• cbeckman98

Ice Dams - A winter headache you can avoid!


Ice dams are most common in cold climates. They occur when heavy snow buildup melts during the day and then refreezes when temperatures drop overnight. After several days of melting-freezing cycles, it is common for the melted water and ice to work up under the shingles until water enters the attic and eventually does damage to the ceilings, walls, and contents. The graphic below shows an ice dam on a roof. In cases where the ice dam goes unnoticed for an extended period of time, it can do significant damage to the building and its contents.


There is no way to guarantee an ice dam will not damage your home, but you can take the following steps to cut the chances of an ice dam forming in the first place:

  • Thoroughly clean all leaves, sticks and other debris from your home's gutters and down spouts. This allows melting roof snow to flow into gutters and through down spouts.
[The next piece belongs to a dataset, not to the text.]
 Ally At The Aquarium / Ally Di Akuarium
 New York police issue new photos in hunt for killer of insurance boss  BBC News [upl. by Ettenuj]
  • Make every effort to keep snow on your roof to a minimum. Long-handled devices on the market called "roof rakes" let you stand on the ground and pull the snow off the roof. Keeping heavy snow loads off of your roof reduces the chances for both ice dam formation and roof failure due to the weight.

  • All winter long, keep gutters and down spouts clear of snow and icicles.

  • Evaluate the insulation and ventilation in your attic. Consult the Building Code for minimum R values (R value is a numerical indicator of insulation effectiveness , the higher the number the more insulating value) for your location. Good airflow from under the eaves or soffit area along the underside of the roof and out through the roof vents is essential. The insulation prevents heat loss from the interior of the home. The venting allows the attic air to stay cold enough to prevent or minimize the freeze/thaw cycle on the roof. Consult a reputable roofing and/or insulation contractor about these improvements.

  • If replacing your roof, make sure that ice and water shield is used along the edges and at least 48 inches up from the edge of the roof. Code minimum is 24 inches, but the extra width is nominal in cost for the protection it provides.